- Opening Delimiter -

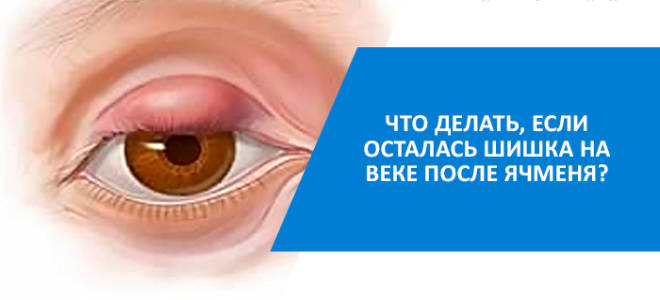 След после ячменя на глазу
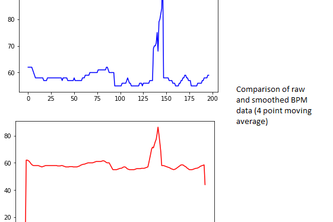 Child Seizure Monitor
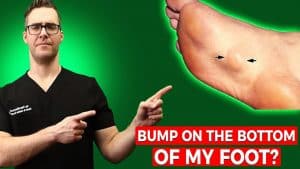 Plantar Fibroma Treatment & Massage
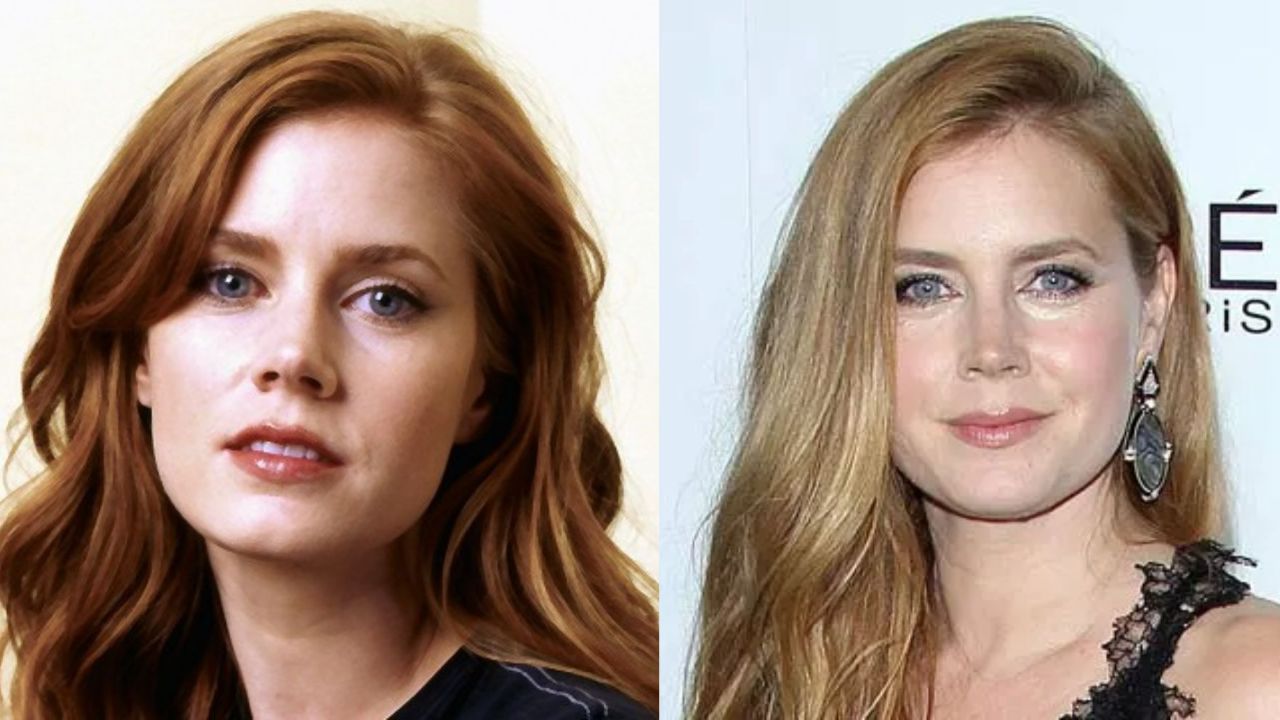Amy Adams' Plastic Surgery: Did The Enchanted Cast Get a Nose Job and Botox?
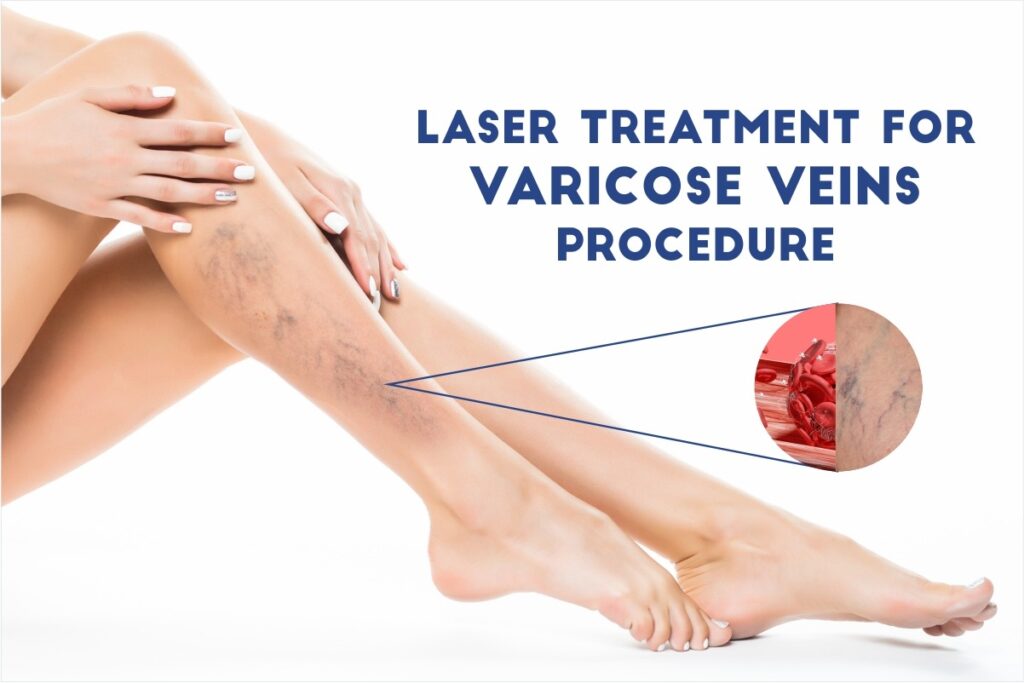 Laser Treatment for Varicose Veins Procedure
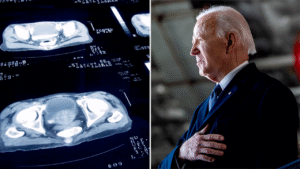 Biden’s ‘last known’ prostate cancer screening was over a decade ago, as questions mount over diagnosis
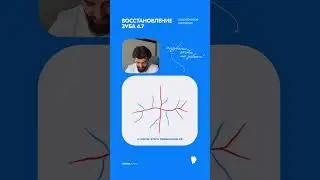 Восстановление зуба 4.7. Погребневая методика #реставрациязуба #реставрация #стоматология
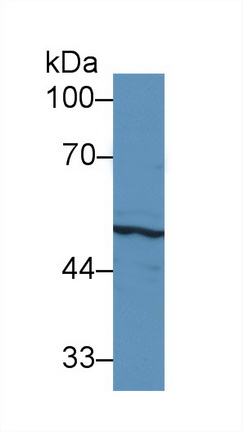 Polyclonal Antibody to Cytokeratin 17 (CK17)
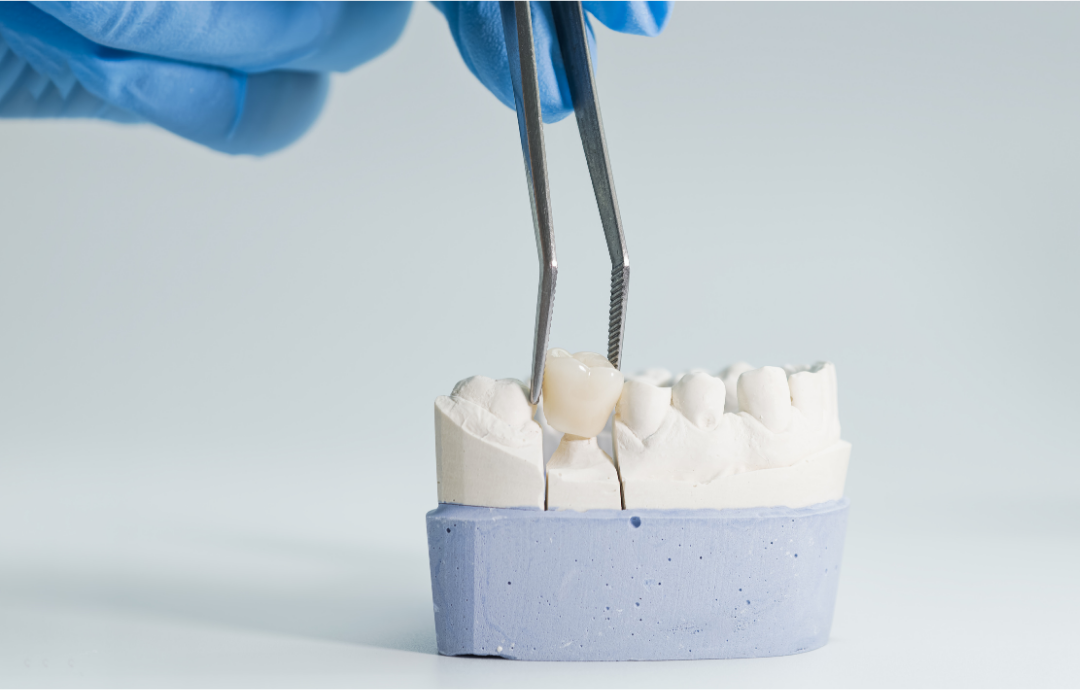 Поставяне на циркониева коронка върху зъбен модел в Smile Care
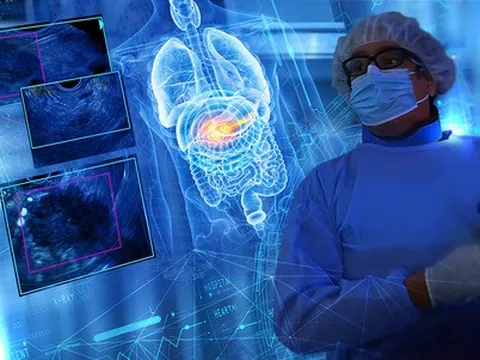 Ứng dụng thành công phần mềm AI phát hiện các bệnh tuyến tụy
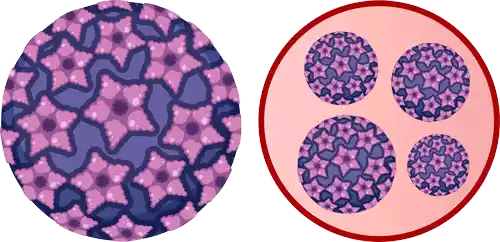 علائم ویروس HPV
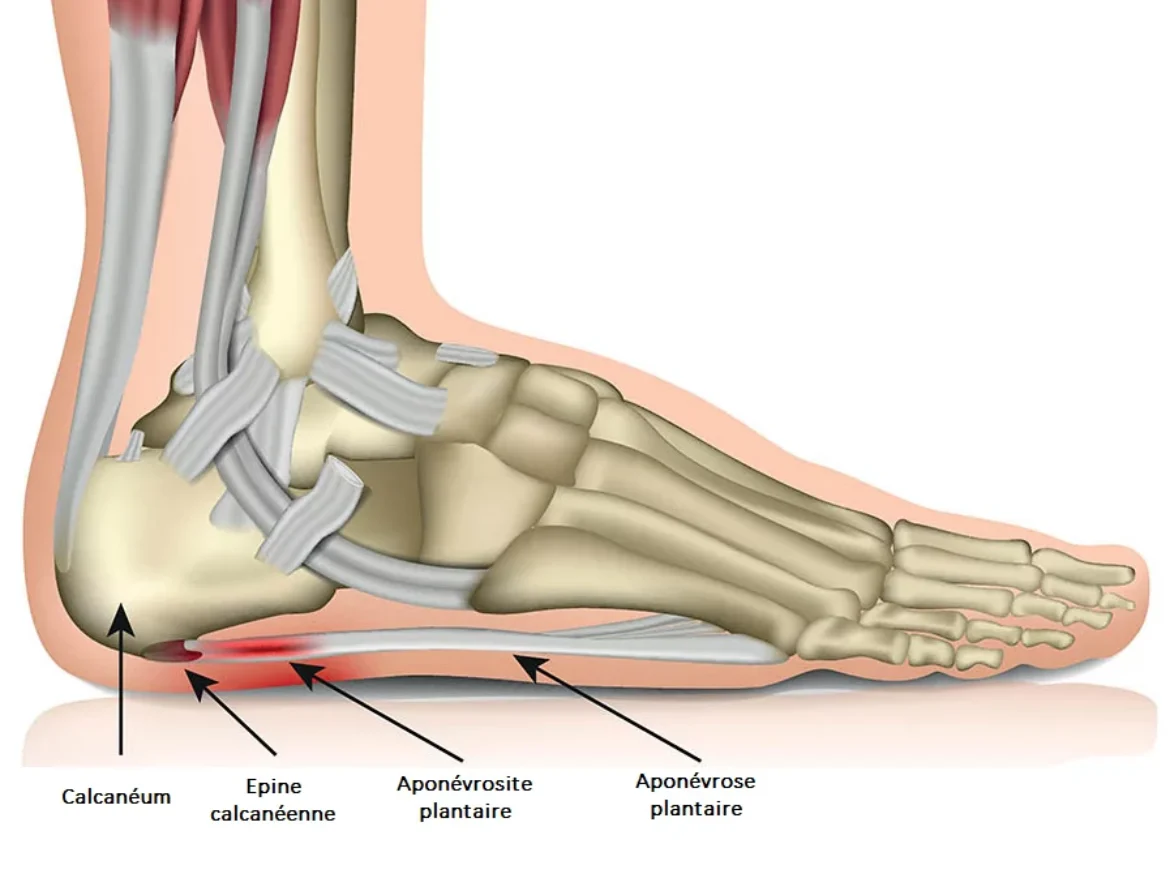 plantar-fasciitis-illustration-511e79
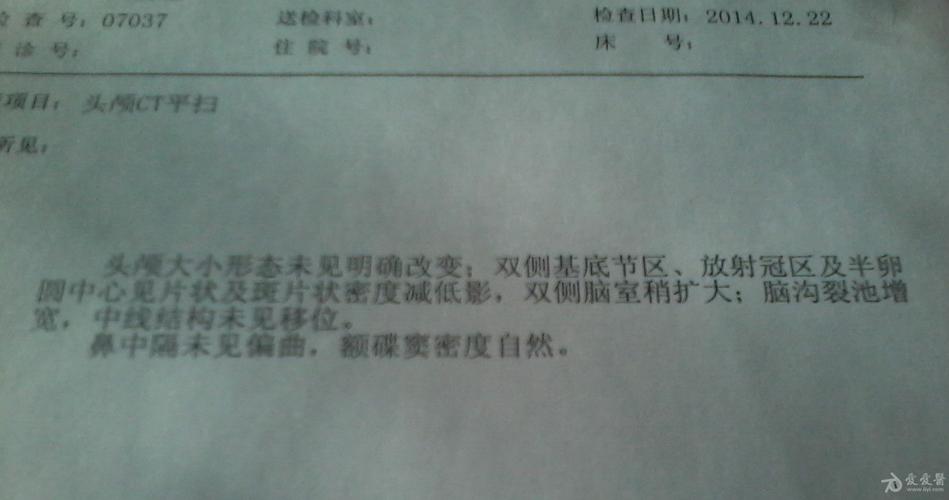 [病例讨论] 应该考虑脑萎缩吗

- Closing Delimiter -

▶ [Exercise directions]: Everything above should be given again exactly, apart from the pictures.

▶ [Written response]:
 След после ячменя на глазу
 Child Seizure Monitor
 Plantar Fibroma Treatment & Massage
Amy Adams' Plastic Surgery: Did The Enchanted Cast Get a Nose Job and Botox?
 Laser Treatment for Varicose Veins Procedure
 Biden’s ‘last known’ prostate cancer screening was over a decade ago, as questions mount over diagnosis
 Восстановление зуба 4.7. Погребневая методика #реставрациязуба #реставрация #стоматология
 Polyclonal Antibody to Cytokeratin 17 (CK17)
 Поставяне на циркониева коронка върху зъбен модел в Smile Care
 Ứng dụng thành công phần mềm AI phát hiện các bệnh tuyến tụy
 علائم ویروس HPV
 plantar-fasciitis-illustration-511e79
 [病例讨论] 应该考虑脑萎缩吗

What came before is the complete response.